Northern Thailand combines the Yee Peng Festival with Loy Krathong. Yee Peng is the Lanna festival of lights. And in true Thai fashion, the whole festival lasts for 3 days and is filled with events and people lighting off fireworks and firecrackers. Hotels and guest houses fill up early. In fact, having forgot to make my reservations when I booked my trip in September, I actually found myself staying at a new place for the first two days of my trip. The Western House Hotel was pleasant, but not the same as coming home to the CM Blue House.
The highlight of the celebration for me was going with my friend Lek to the mass launch of khom loy at Mae Jo University. Designed primarily as a photographic event, thousands of people turn out to participate. Many are tourists and all the anouncements are made in Thai, English and Chinese. Lek picked me up around 4 PM to give us ample time to wind our way through the heavy traffic in the hopes of claiming some piece of turf before the whole massive expanse of green was covered in people, lighting torches and khom loy. Definitely glad Lek was driving the 13 kilometers to Mae Jo. As she expertly wove her way through the heavy traffic, I was able to truly appreciate the variety of smells and sounds of the city and countryside. The sweet smell of flowers wafting on the light breeze competing with the sour smell of exhaust from the cars.
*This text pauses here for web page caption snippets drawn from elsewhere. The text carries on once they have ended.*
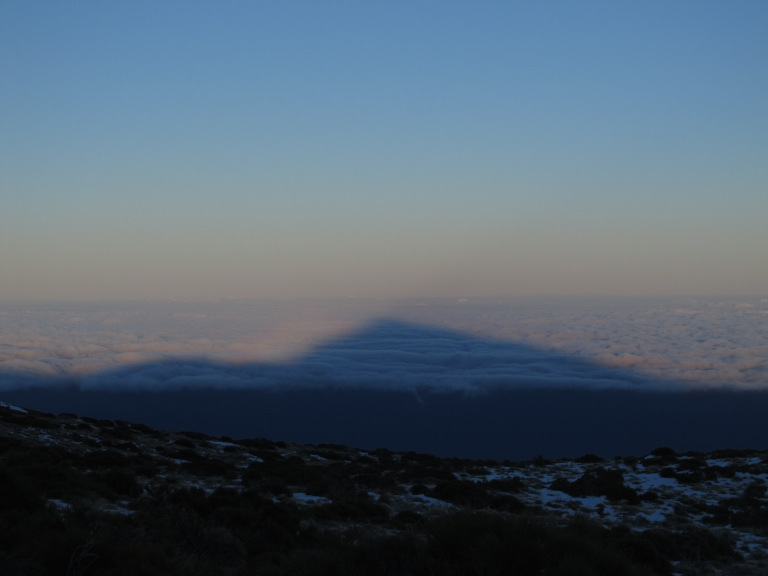 Pico del Teide mountain shadow on clouds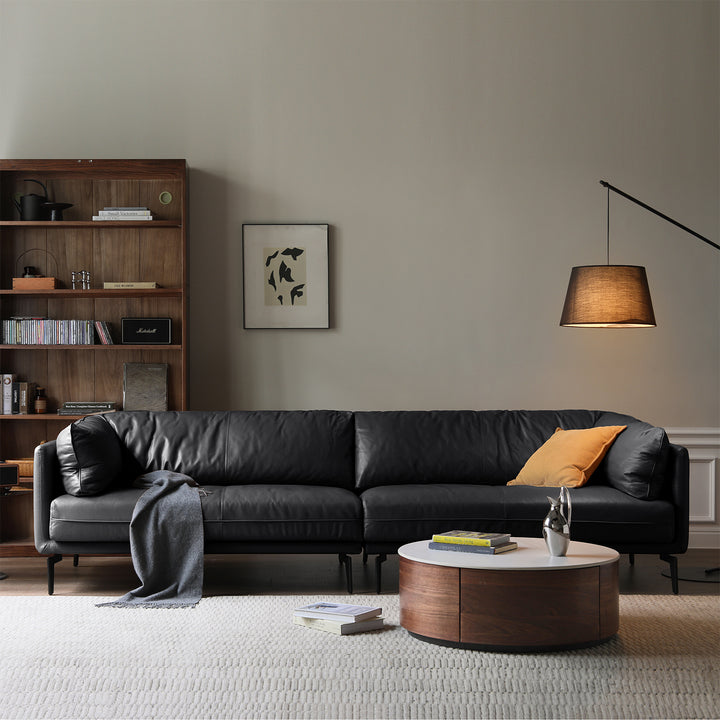 Vintage genuine leather sectional 4 seater sofa bravo layered structure.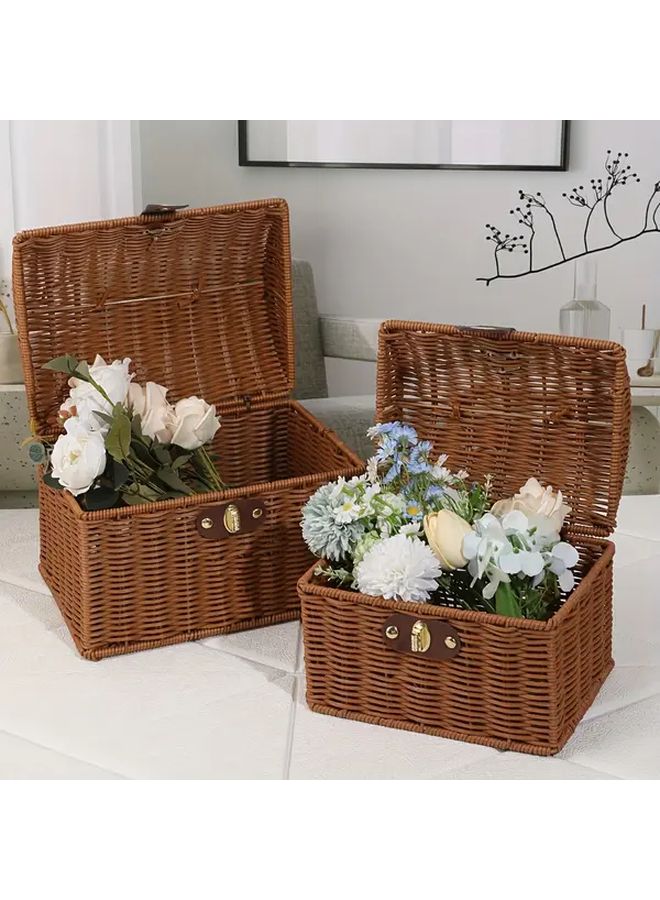 Brown Wicker Style Handwoven Look Suitcase Box Large Decorative Storage Box With Houndstooth Like Lid Sturdy Latch And Durable Plastic Like Wicker For Gift Packaging Storage Showers Parties Travel - Image 5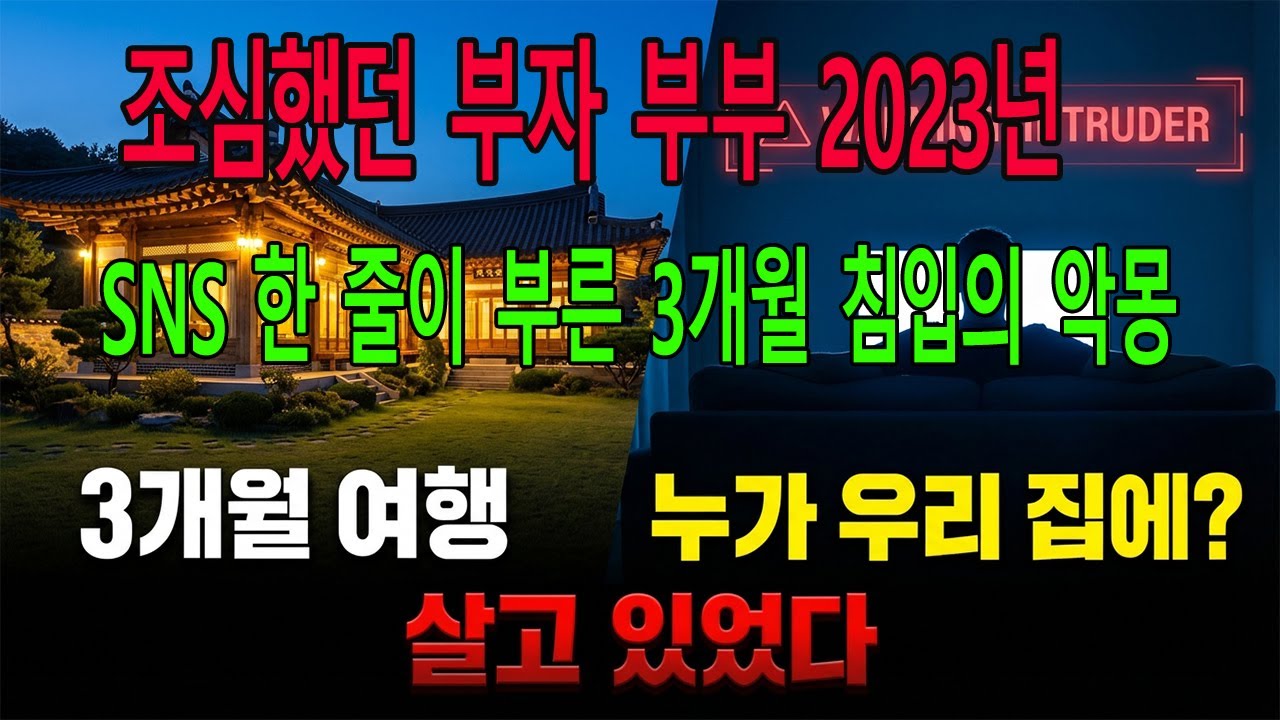 조심했던 부자 부부 2023년... SNS 한 줄이 부른 3개월 침입의 악몽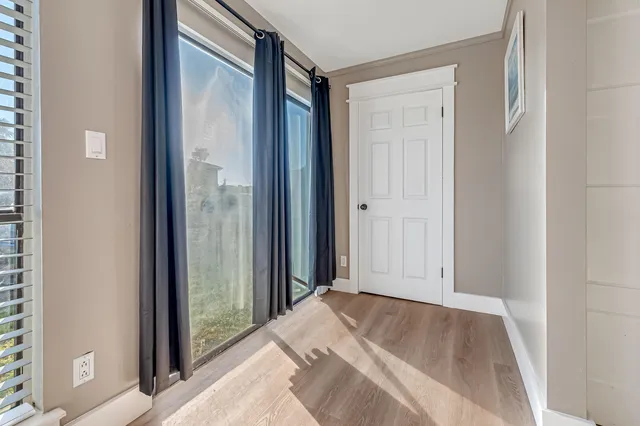 a view of a bedroom from front door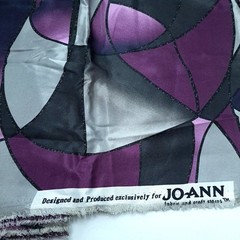 Vintage JOANN Silk Fabric 1.83 Yards 60″W Purple Grey Black Geometric Abstract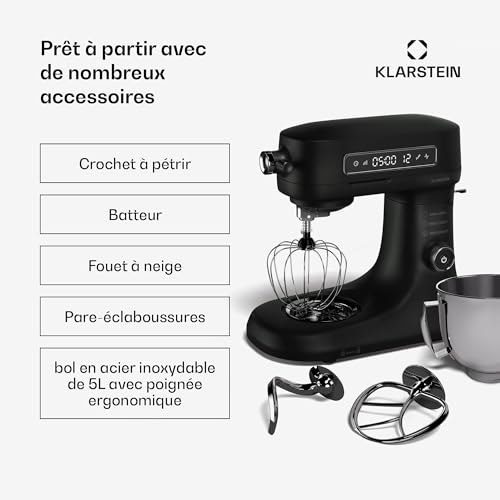 Chiara Robot De Cuisine 1600 Watts 12 Vitesses Bol En Acier Inoxydable Écran Lcd Accessoires Inclus - vue 7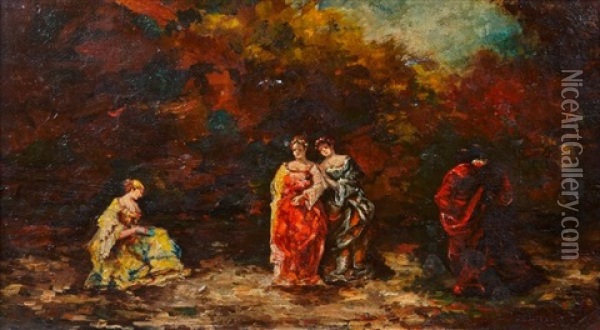 Scene De Parc Oil Painting - Adolphe Monticelli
Entering the compound, we were given plastic sheeting to sit on and greeted by the chorouses of young Thai girls welcoming us to the festival. The field was layed out with rows and rows of torches containing candles that would be lit at the right moment in the ceremony and used for lighting the khom loy, most of them surrounded by early comers. We staked out a spot, I by a torch, Lek in a spot not too far from me where she would hopefully have a good vantage point for snapping photographs. After claiming my spot, off I went in search of a khom loy to purchase. A never ending monologue (in all three languages) was broadcast over the loud speakers, explaining the purpose and meaning behind the ceremony. The grey skies threatened rain. While it didn’t actually rain, it did provide a dramatic backdrop for the first early khom loy that were released while waiting for the event to begin.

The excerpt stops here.